Sentí muy claro el choque contra el suelo, la mayoría abrió los ojos y un par de voces se atrevieron a sonar. «Malditos, no valoran a la gente». Nos trataban como si fuéramos ganado, sin delicadeza alguna. El chillido de los frenos me aturdía y la cabina apestaba a vómito. Me levanté y miré a través de la ventana. El sol empezaba a calentarnos tras un viaje helado. Estábamos en plena ciudad, en plena autopista vacía. A nadie le importaba.
Toda pizca de esperanza en mí se desplomó, como una golondrina cuando una flecha la alcanza. El Ávila estaba enterrado debajo de un montón de ladrillos y láminas de zinc. Solo divisaba cadáveres deambulantes y escombros, pellejos de perros a la orilla de la autopista y a unos pocos metros el cuerpo desplumado de un ave. Había llegado al infierno… un infierno que antes llamaban “sucursal del cielo’’.
Un autómata sin prendas, negro y huesudo se acercaba casi a gatas hacia donde estábamos nosotros; agachado con un miedo violento y una mirada dolorosa. Se quedó en cunclillas viéndonos y guardando una distancia prudente. Pasaron unos cuantos minutos eternos. El guardia, que había estado durmiendo todo el trayecto en la puerta del avión, se despertó y a la vez que se limpiaba el hilo de saliva que escurría entre sus labios secos, anunció que habíamos llegado al valle y se dispuso a abrir la oxidada puerta de la nave de carga. Bajamos uno por uno las escaleras, cabizbajos.

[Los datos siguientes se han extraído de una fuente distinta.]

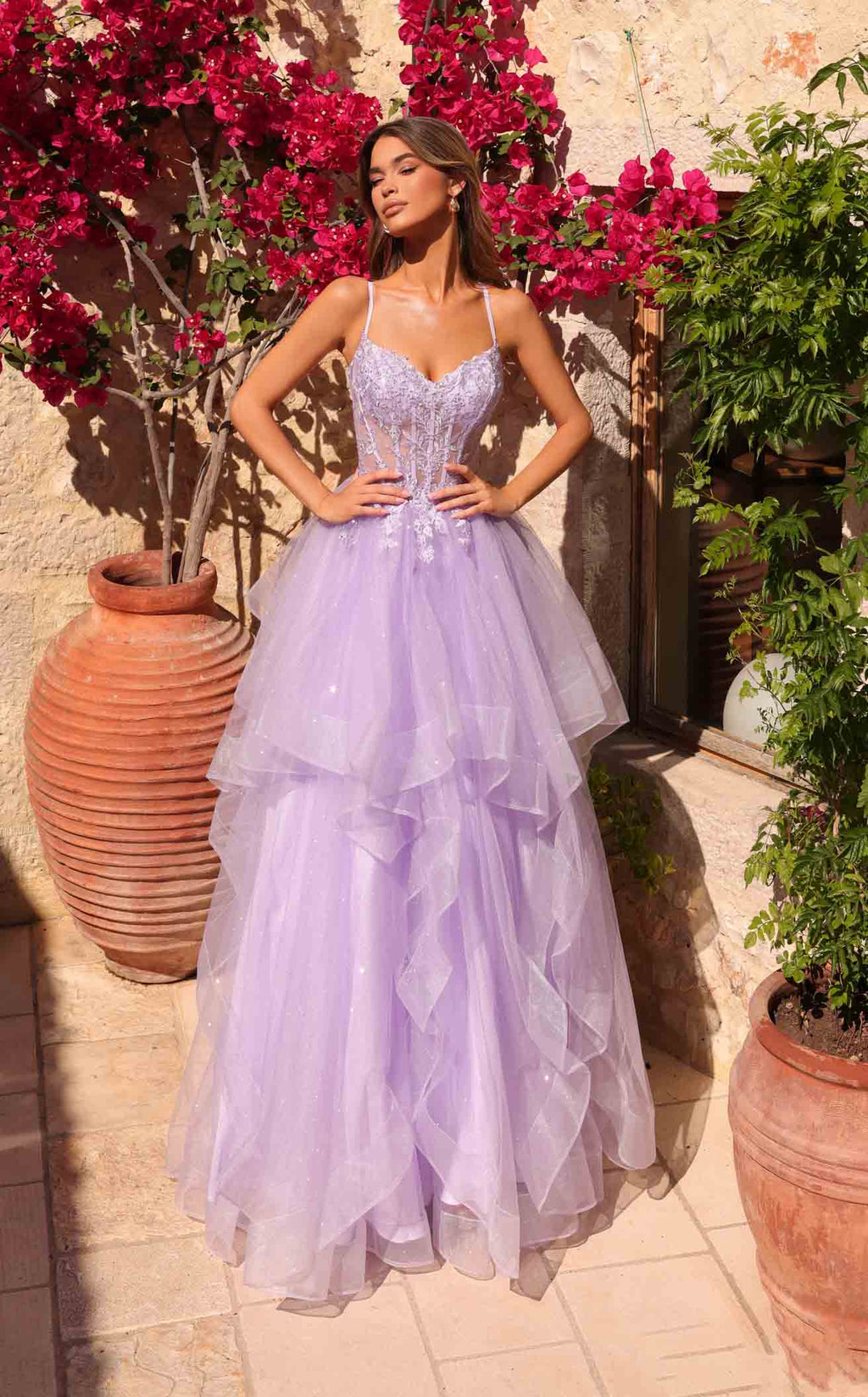 Amarra 89504CL Dress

En plena autopista Francisco Fajardo habíamos aterrizado, se divisaban desde ahí un par de estructuras deshechas de viejos edificios. Hacía 20 años que el régimen había comenzado. Oí gritos, llantos y sollozos… pero no los quise escuchar. La gente comenzó a dispersarse. Mientras se alejaban podía ver las piedras afiladas que escondían tras sus espaldas, listos para cazar. Apenas mis pies tocaron el asfalto ardiente, me llegó un olor a sangre. Mis ojos, sin preguntar antes a mi voluntad, siguieron una tira roja, alargada y espesa hasta llegar a un tumulto de piel y huesos astillados bajo la llanta delantera de la aeronave. Parecía un contorsionista quebrado. Pude ver su tráquea; tenía en cuello desgarrado y la mirada desorbitada. Aún así en sus ojos vi más de paz que los de los vivos. Sentí culpa por el pasado que desencadenó esta tortura. Nadie se alarmó.

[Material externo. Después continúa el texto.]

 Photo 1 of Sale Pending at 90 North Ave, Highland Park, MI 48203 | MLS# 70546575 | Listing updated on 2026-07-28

Me habían cautivado tras una década y estaba de vuelta en mi selva, en mi infierno. “Orillen ese cadáver que me va a joder al despegar’’ escuché. Caracas y yo nos sentíamos una vez más. Estaba en el lugar del hambre, la muerte y el dolor. Había llegado a la ciudad de la memoria y la nostalgia… una ciudad que sin duda alguna parecía un asqueroso recuerdo estático en el tiempo. Mi ciudad.